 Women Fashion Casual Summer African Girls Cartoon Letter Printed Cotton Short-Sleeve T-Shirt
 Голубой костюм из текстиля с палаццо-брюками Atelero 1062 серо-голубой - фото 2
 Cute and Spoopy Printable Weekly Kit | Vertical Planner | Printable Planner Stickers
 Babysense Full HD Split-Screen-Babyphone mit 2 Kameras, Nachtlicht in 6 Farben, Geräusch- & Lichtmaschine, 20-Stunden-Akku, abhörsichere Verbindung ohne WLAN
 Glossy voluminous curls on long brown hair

==

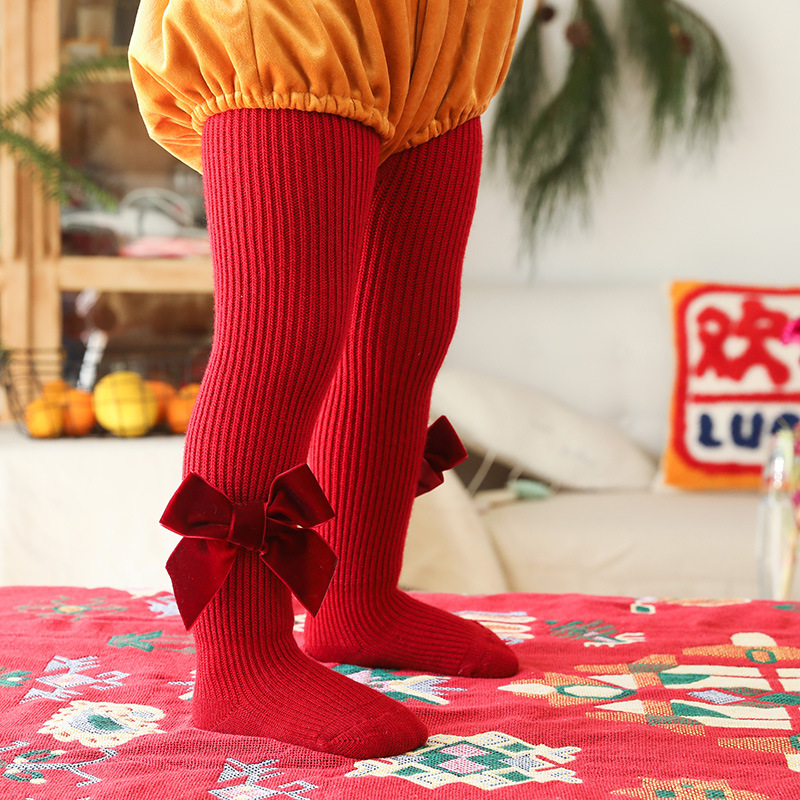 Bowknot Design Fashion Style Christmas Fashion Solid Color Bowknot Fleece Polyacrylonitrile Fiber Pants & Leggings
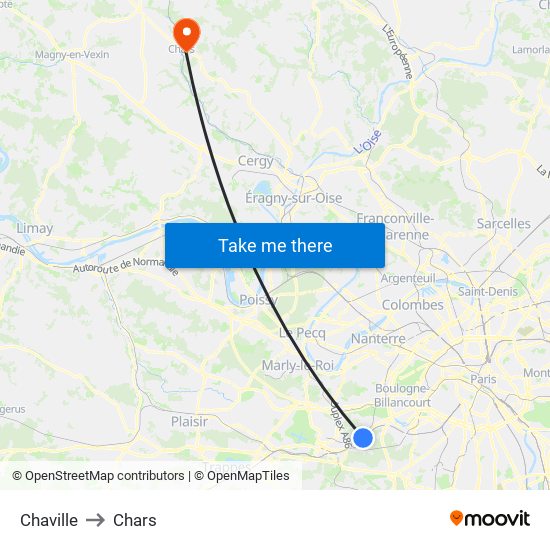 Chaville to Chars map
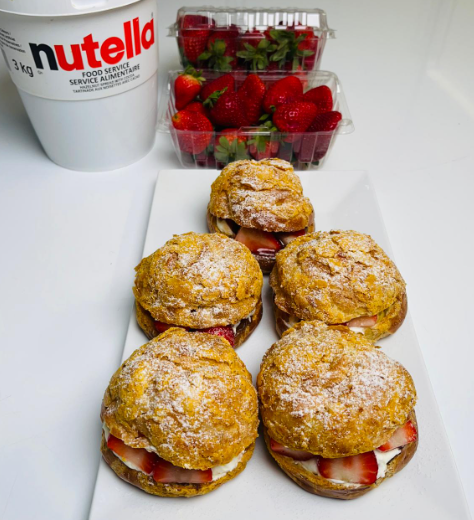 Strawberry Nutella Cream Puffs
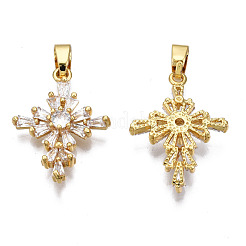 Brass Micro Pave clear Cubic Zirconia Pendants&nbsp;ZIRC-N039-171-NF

> **Exercise brief**
Would you retype the lines above from the one with "Babysense Full HD" down to the one with "Glossy voluminous curls on long brown hair", word for word, both ends included and no other lines?

> **Solution below**
 Babysense Full HD Split-Screen-Babyphone mit 2 Kameras, Nachtlicht in 6 Farben, Geräusch- & Lichtmaschine, 20-Stunden-Akku, abhörsichere Verbindung ohne WLAN
 Glossy voluminous curls on long brown hair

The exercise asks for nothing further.